DATA SHOWN

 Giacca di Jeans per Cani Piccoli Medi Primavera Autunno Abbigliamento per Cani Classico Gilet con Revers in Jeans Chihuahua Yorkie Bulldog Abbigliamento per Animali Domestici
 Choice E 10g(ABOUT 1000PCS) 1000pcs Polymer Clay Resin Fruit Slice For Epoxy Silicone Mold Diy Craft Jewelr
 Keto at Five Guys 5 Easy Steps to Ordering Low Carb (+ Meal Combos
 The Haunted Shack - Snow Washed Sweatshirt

* * *

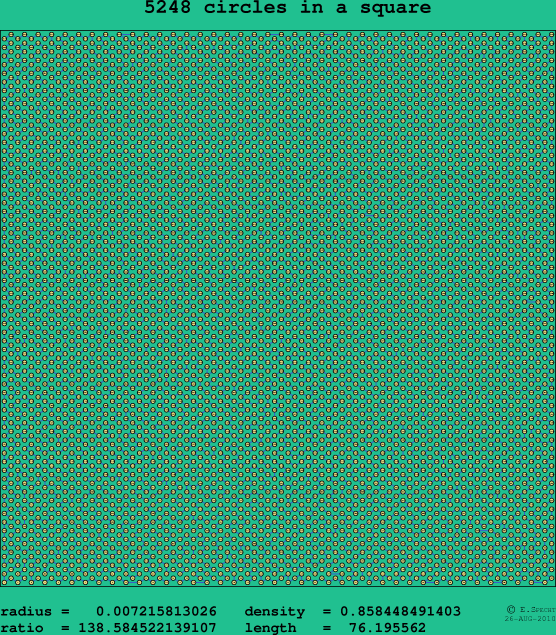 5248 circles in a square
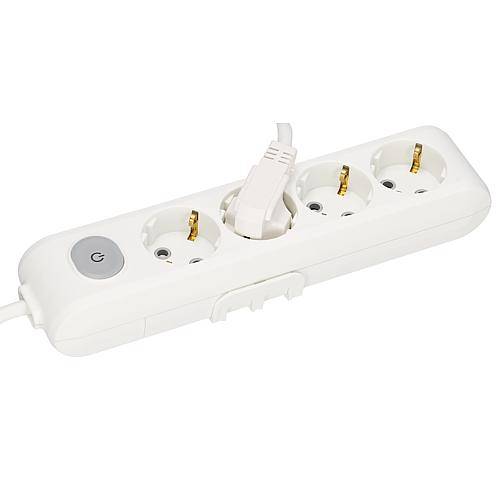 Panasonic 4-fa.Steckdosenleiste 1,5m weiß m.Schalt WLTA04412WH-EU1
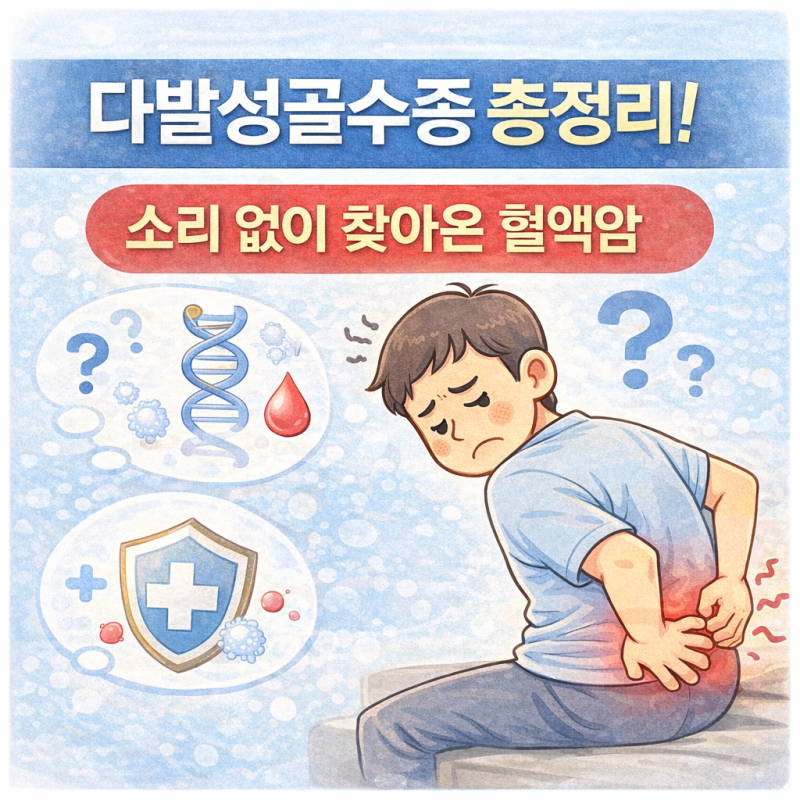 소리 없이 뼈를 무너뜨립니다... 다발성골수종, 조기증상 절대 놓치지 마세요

...

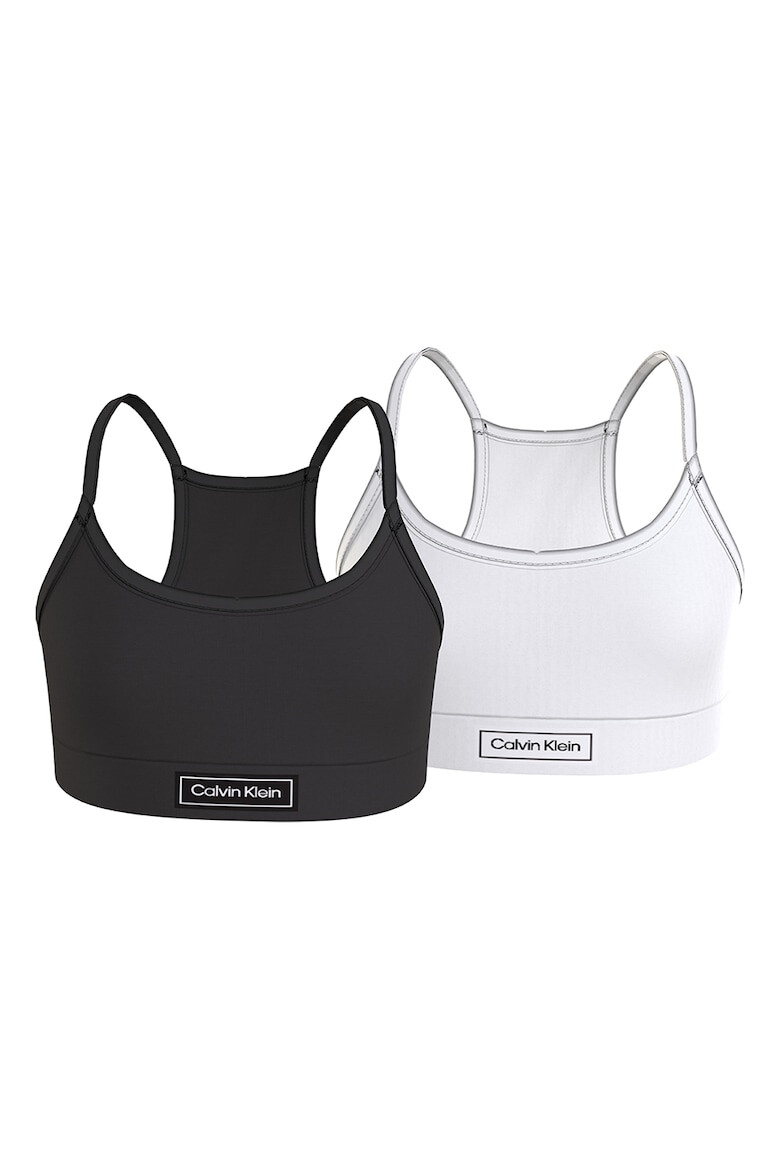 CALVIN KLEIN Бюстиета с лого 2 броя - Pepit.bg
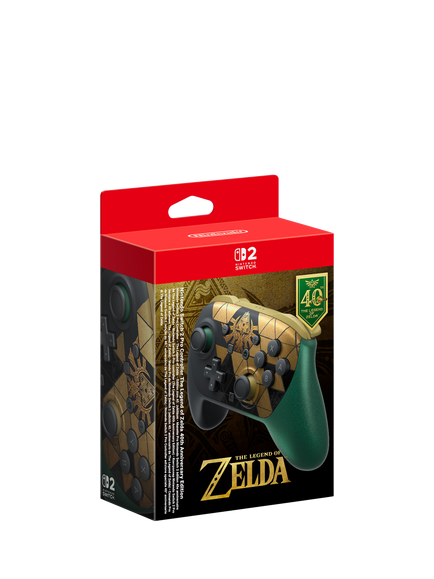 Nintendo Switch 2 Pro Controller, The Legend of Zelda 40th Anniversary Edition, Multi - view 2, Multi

PROBLEM TO WORK ON
Out of the data above, give again only the lines starting at the one holding "Giacca di Jeans" and ending at the one holding "The Haunted Shack - Snow Washed Sweatshirt", unchanged.

RESPONSE FOR THIS EXERCISE
 Giacca di Jeans per Cani Piccoli Medi Primavera Autunno Abbigliamento per Cani Classico Gilet con Revers in Jeans Chihuahua Yorkie Bulldog Abbigliamento per Animali Domestici
 Choice E 10g(ABOUT 1000PCS) 1000pcs Polymer Clay Resin Fruit Slice For Epoxy Silicone Mold Diy Craft Jewelr
 Keto at Five Guys 5 Easy Steps to Ordering Low Carb (+ Meal Combos
 The Haunted Shack - Snow Washed Sweatshirt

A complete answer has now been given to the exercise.